Repeat each entry exactly, but do not carry over the pictures.

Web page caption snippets
☆ ☆ ☆ ☆ ☆ ☆ ☆
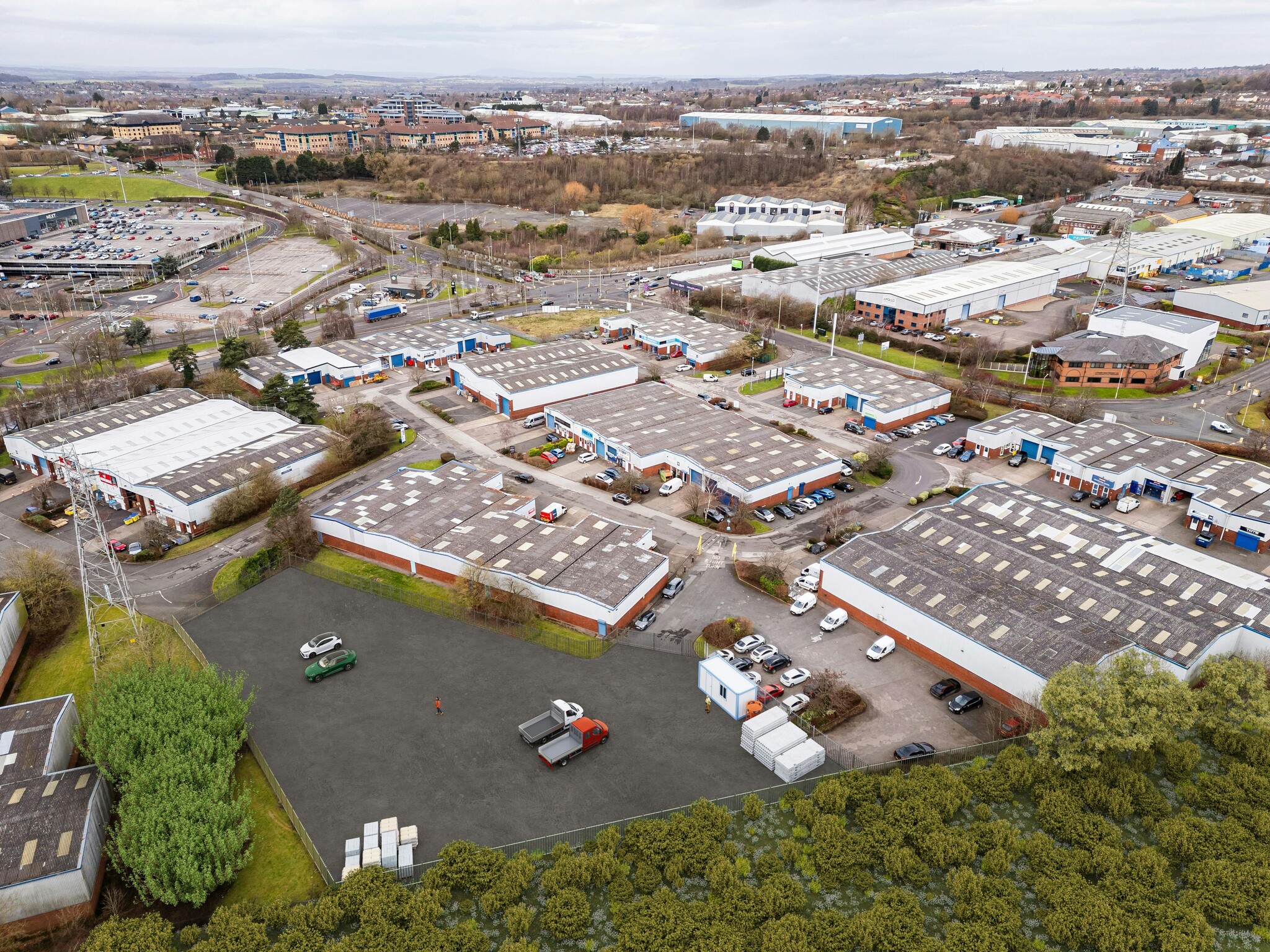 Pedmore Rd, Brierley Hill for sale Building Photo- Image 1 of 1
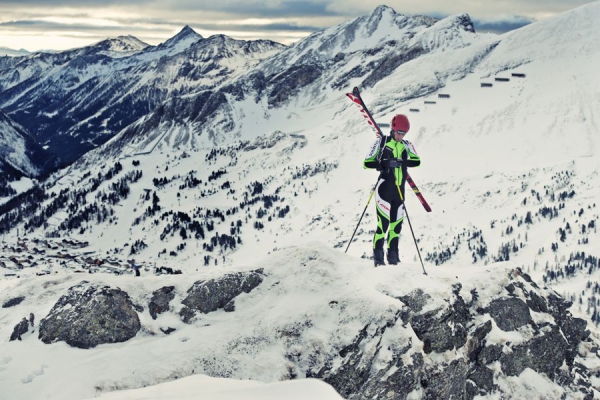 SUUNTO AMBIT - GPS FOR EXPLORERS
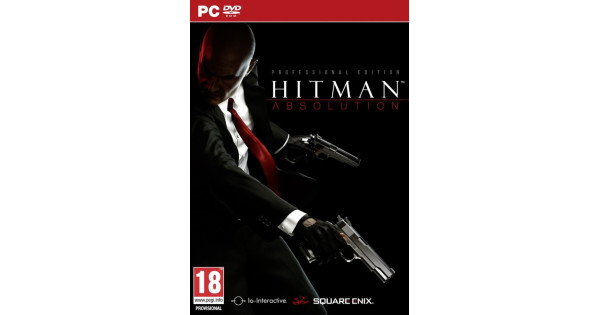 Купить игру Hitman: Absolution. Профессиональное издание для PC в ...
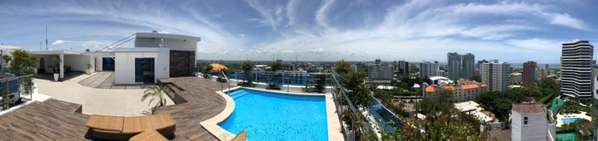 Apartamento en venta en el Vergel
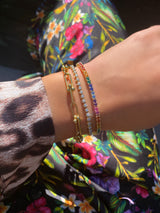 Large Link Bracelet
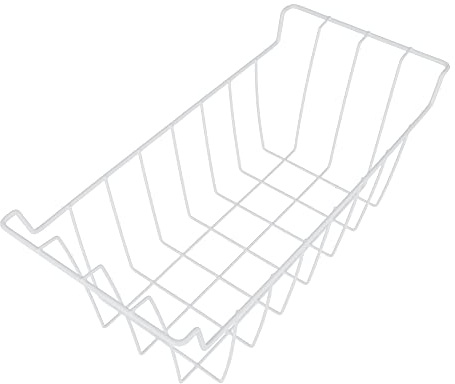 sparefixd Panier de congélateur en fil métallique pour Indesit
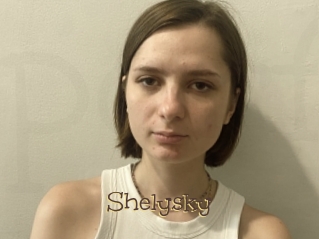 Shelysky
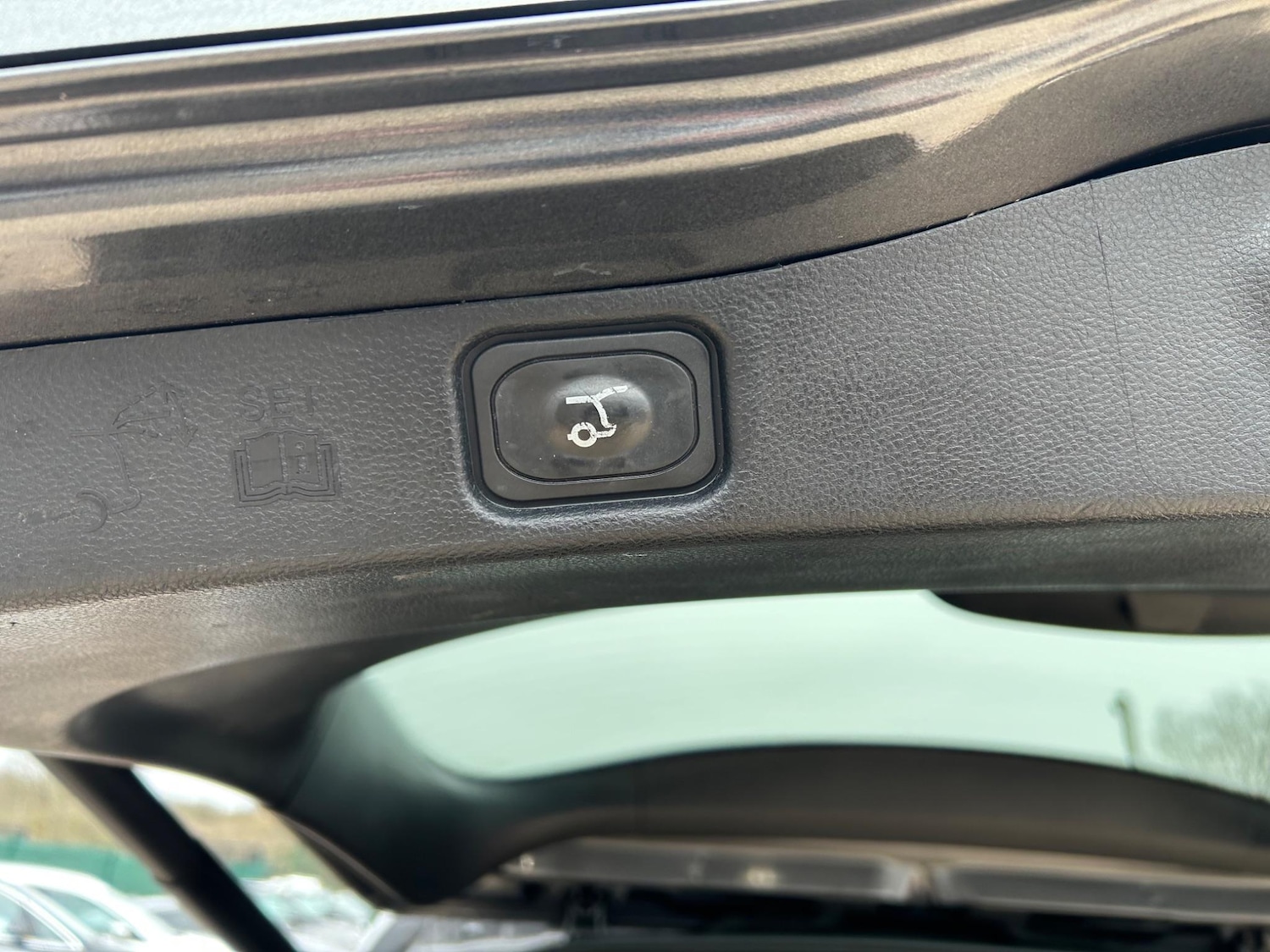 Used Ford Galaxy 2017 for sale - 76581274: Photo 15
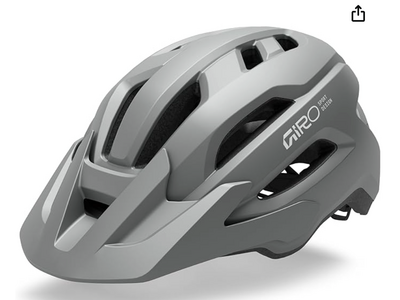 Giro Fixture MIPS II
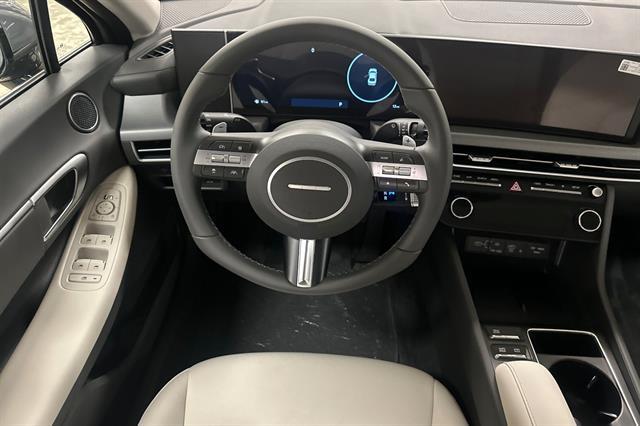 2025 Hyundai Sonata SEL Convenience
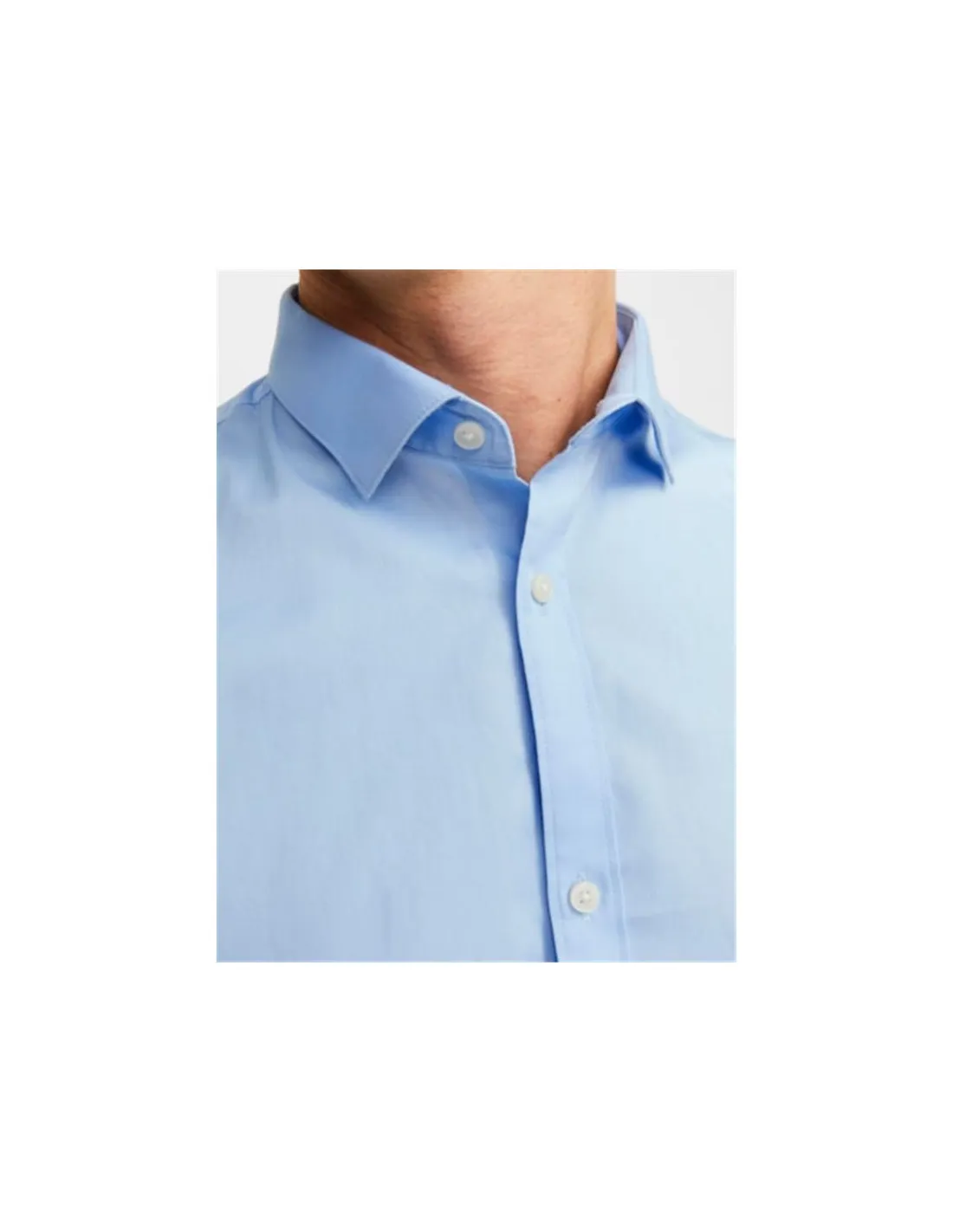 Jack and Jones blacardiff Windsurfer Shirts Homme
☆ ☆ ☆ ☆ ☆ ☆ ☆
- [Response below]:
 Pedmore Rd, Brierley Hill for sale Building Photo- Image 1 of 1
 SUUNTO AMBIT - GPS FOR EXPLORERS
 Купить игру Hitman: Absolution. Профессиональное издание для PC в ...
 Apartamento en venta en el Vergel
 Large Link Bracelet
 sparefixd Panier de congélateur en fil métallique pour Indesit
 Shelysky
 Used Ford Galaxy 2017 for sale - 76581274: Photo 15
 Giro Fixture MIPS II
 2025 Hyundai Sonata SEL Convenience
 Jack and Jones blacardiff Windsurfer Shirts Homme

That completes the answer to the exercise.